▸ **Instructions for the task**: Here is the task for the records below: repeat exactly the lines from the one with "Vauxhall Combo 1.6" to the one with "Kanye West substitui", both included, and nothing else.

▸ **Given entries**:
--*--

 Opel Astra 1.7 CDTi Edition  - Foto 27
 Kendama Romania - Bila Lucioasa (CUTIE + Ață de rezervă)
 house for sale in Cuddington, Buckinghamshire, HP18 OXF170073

--*--

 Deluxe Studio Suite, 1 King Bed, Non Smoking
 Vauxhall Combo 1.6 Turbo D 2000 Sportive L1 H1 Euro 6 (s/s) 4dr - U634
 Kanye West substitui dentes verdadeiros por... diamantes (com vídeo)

--*--

▸ **Written answer**:
 Vauxhall Combo 1.6 Turbo D 2000 Sportive L1 H1 Euro 6 (s/s) 4dr - U634
 Kanye West substitui dentes verdadeiros por... diamantes (com vídeo)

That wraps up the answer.